A snell snapped to a fixed-arm bouncer is lifted off bottom and out of snags. On the other hand, it rides just close enough to bottom to tempt walleyes relating to structure. My go-to rig for rough terrain blends a bouncer, spinner and multi-hook ’crawler harness. The rig cruises over snags, covering water.
Snell length must be trimmed to fit the circumstances. The overriding concern is to run the rig close to bottom without dragging. The snaggier the situation, the shorter the snell—down to a couple feet at the minimum.
If you’re live bait rigging, you can get by with a bit longer snell (up to 5 or 6 feet) because the leech or minnow will swim upward and provide lift. Longer snells allow for more drop and can be a problem unless you add a float to the snell.
Rigging is ideal when you find pockets of ’eyes focused on structure such as humps, the tips of points stretching into deep water, and bases of fast breaks.

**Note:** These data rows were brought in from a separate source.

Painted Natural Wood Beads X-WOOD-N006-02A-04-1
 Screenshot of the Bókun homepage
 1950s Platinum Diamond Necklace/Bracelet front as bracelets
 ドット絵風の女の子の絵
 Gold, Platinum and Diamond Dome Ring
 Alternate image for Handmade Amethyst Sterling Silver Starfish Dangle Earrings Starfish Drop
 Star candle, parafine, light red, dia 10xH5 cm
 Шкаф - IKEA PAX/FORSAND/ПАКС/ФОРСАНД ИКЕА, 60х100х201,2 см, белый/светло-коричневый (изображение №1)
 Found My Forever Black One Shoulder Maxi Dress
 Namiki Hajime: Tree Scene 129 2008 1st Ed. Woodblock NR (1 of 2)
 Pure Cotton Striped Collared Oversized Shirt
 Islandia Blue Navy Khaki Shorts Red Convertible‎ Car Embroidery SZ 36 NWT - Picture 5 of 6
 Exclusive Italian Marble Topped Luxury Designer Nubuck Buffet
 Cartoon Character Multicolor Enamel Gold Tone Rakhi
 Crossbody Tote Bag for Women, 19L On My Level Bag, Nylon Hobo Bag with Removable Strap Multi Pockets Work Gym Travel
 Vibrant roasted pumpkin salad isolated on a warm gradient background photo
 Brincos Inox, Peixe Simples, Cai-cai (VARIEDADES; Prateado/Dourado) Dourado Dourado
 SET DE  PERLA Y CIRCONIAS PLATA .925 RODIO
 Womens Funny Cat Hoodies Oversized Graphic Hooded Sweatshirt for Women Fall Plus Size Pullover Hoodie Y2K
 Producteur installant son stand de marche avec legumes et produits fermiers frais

Besides lift, a bouncer gives your presentation an unmatched erratic action. As the wire drags across a rocky or uneven bottom, it hops and kicks, transferring the action back to the bait. Fixed- arm bouncers are best for extra action. Straight-wire or sliding bouncers are more effective for live bait rigging, and when you need to feed line to biting fish. The downside is that when you let a fish run, the bouncer could hang up—it’s a risk you sometimes have to take.
Whichever style you select, it’s key to use a bouncer heavy enough to keep your line as near vertical as possible. A tight line allows precise presentations on contours, easier strike detection and fewer hangups. If the line drifts past 45-degree territory, sensitivity drops off and your rig may tip over. Fast moves in deep water may require bouncers up to 3 ounces or more.
No matter the speed or depth you’re trolling, there will be times you’ll get hit and come up empty. Catch these biters by stalling the bait in a straight trolling run; drop your rodtip back immediately after you miss a fish. Of course, this works best if you forego using a rodholder.
Give the fish as much time as you can before lifting the rod. The stall creates the look of an injured baitfish sinking to the bottom, and often triggers following walleyes. Rods in the 8- to 9-foot range help increase the amount of slack time you can give a short striker, and boost your chances of hooking up.